11/09/2009
IRÈNE NÉMIROVSKY, MIA MADRE
2009_09_11_080
Quando Irène Némirovsky fu prelevata da casa per essere deportata ad Auschwitz, lasciò una valigia di cuoio con i suoi quaderni nelle mani della figlia tredicenne. Solo sessant'anni più tardi Denise si convinse a leggere quei quaderni e a trascriverne il contenuto. Ha avuto inizio in questo modo il meticoloso lavoro di edizione che ha portato alla pubblicazione di "Suite francese", potente affresco dell'occupazione nazista in Francia scritto nel corso degli eventi e capolavoro incompiuto della scrittrice franco-ucraina. Nella sua autobiografia "Survivre et vivre", Denise Epstein ripercorre questa emozionante vicenda e insieme raccoglie i ricordi della madre. La incontra la giornalista Marina Gersony.
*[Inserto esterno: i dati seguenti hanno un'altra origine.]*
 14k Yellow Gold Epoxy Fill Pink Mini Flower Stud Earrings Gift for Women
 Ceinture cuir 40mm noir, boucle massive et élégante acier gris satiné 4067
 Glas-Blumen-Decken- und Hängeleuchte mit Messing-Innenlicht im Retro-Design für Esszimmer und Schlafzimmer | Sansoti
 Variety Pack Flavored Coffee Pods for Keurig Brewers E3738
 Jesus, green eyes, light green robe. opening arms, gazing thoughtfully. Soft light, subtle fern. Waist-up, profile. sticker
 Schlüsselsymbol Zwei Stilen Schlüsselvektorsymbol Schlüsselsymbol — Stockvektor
L'evento 080 ha subito variazioni rispetto a quanto riportato sul programma. Originariamente il suo svolgimento era previsto presso il Teatro Ariston.
L'evento 080 ha subito variazioni rispetto a quanto riportato sul programma. Originariamente il suo svolgimento era previsto presso il Teatro Ariston.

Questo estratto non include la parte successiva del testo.